Sunday, May 24, 2009

Why has Africa not attracted more interest from the U.S. business community?

Like many of you I received a "strange" message from Fabiane Dal-Ri, providing a link to a study that was just accomplished about why corporate investment in Africa is lagging and what could be done to improve the flow of capital into Africa.

I was fisrt very skeptical about this message but after checking the website I realized that it was not a hoax.

Here’s a link to an online version of the report! THE CONVERSATION BEHIND CLOSED DOORS - FULL EXECUTIVE SUMMARY

Highlights:
  • Rule of law -- The rule of law does not prevail to the degree required to make Africa an attractive investment destination. This applies to corporate, societal, and criminal law

  • Attraction -- While the enormous natural resources are an attraction, Africa does not offer a sufficiently large middle class of consumers or show consistent economic growth that could promise a future market. Most African countries are small and have poor markets, and there are barriers to regional markets--such as taxes and the freedom of movement of people and goods

  • Risks versus rewards-- Given the currently perceived risks in Africa, the rewards have to be very high to make it worthwhile to invest.

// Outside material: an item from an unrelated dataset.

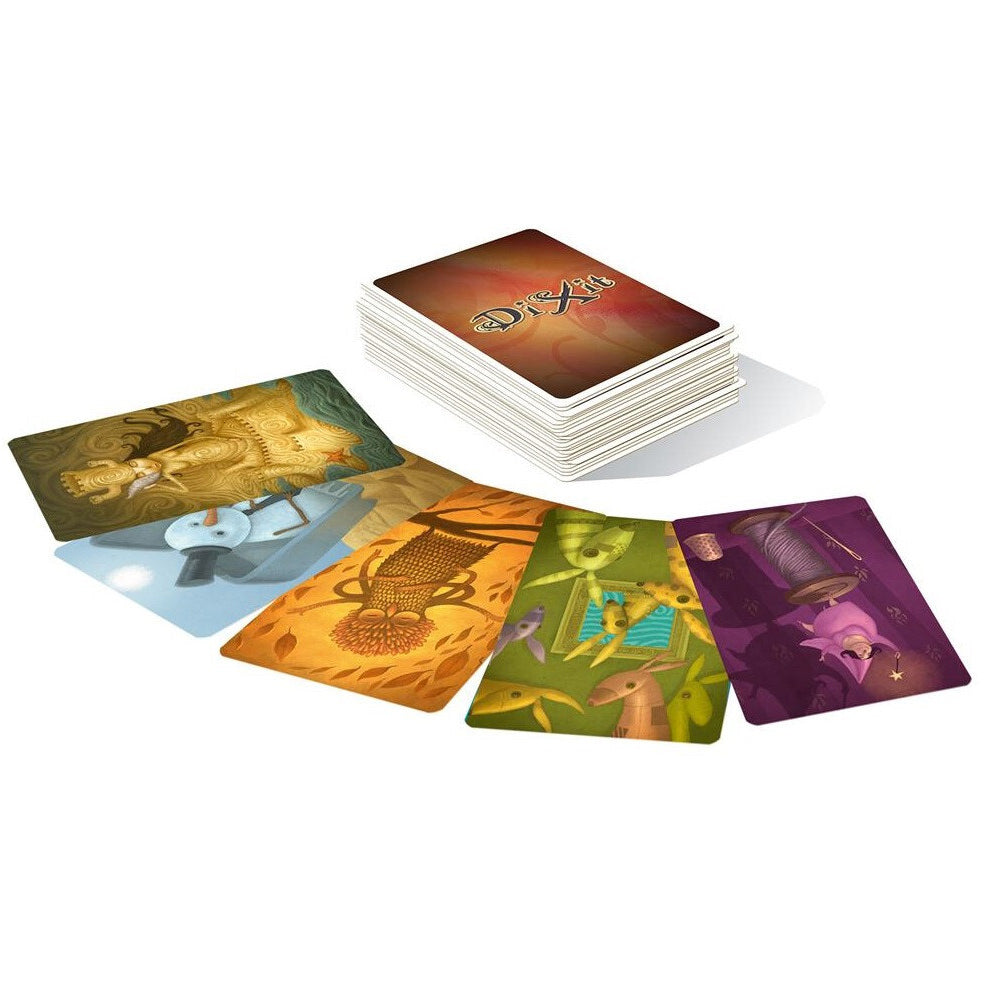 Libellud Dixit Daydreams Expansion Tabletop Party Board Game 8y+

Presently, U.S. corporations say that there are very few visible promises of future returns high enough to justify significant interest in investing

  • Supportive business framework--Transportation and communications infrastructure, trained or trainable human resources, and equitable trade and employment practices are insufficient to support corporate investment

  • A welcoming environment-- African countries are not doing a sufficient job of providing education and health services to the potential workforce, which makes the potential hire-able local insufficient to support investment.
Following some links in that report, I realize that Fabiane’s organization is promoting “a new silk road” to Africa - Building the New Silk Road.

We have all in mind the study done by Harry G. Broadman on "Africa's Silk Road: China and India's New Economic Frontier" for the World Bank. The author of the book, World Bank Economic Adviser Harry Broadman, says that skyrocketing Asian trade and investment in Africa is part of a global trend towards rapidly growing South-South commerce among developing countries.